# INPUT DATA:
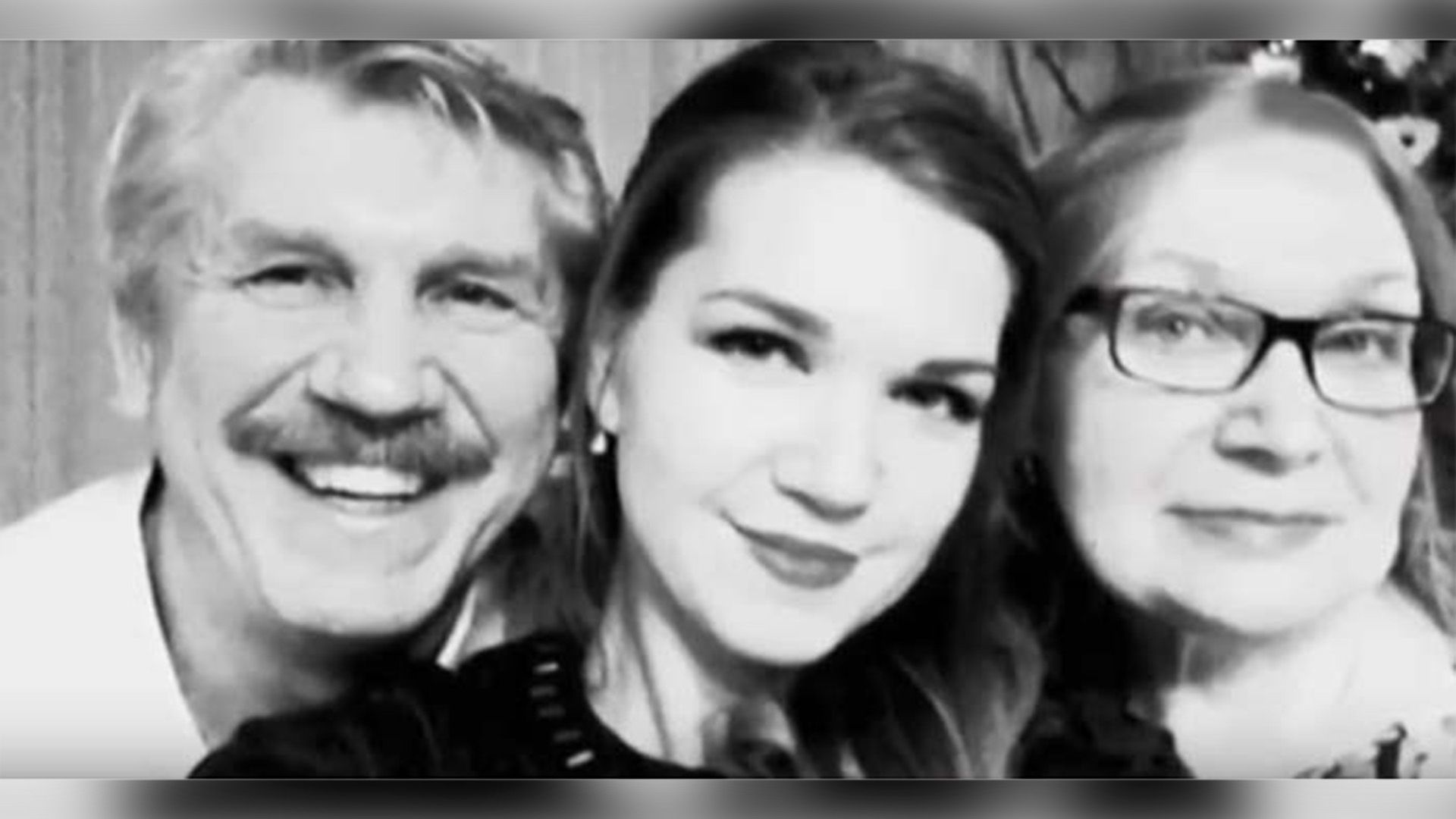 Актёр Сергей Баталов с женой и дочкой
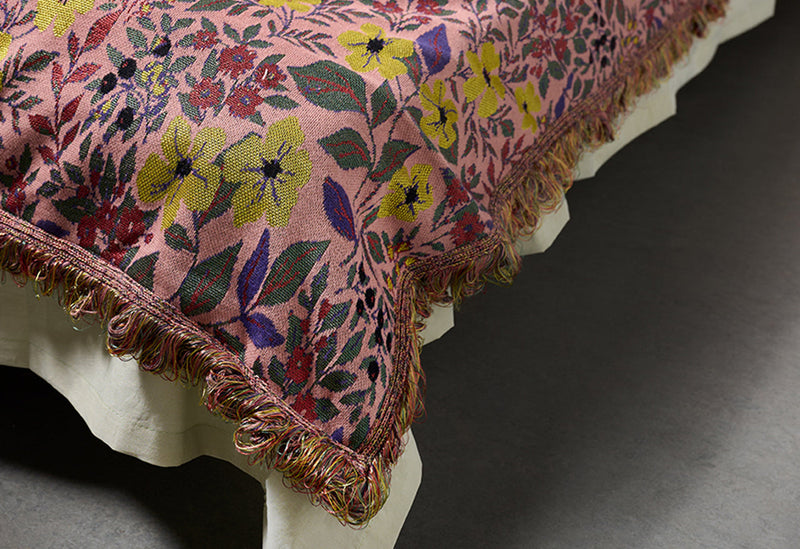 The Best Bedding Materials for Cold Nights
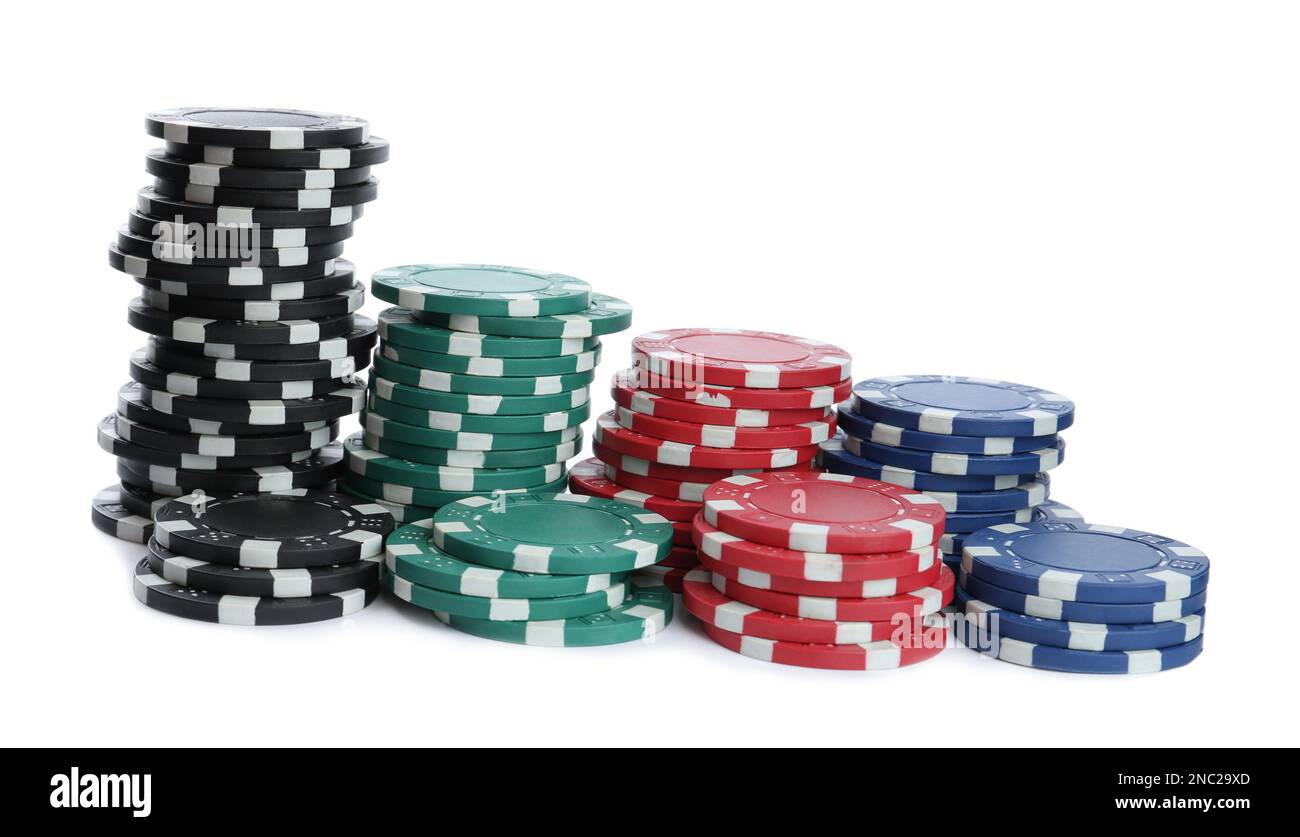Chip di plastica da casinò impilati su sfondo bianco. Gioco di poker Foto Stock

# PROBLEM DESCRIPTION:
Reproduce the material word for word. Skip every picture it holds.

# THE ANSWER:
 Актёр Сергей Баталов с женой и дочкой
 The Best Bedding Materials for Cold Nights
Chip di plastica da casinò impilati su sfondo bianco. Gioco di poker Foto Stock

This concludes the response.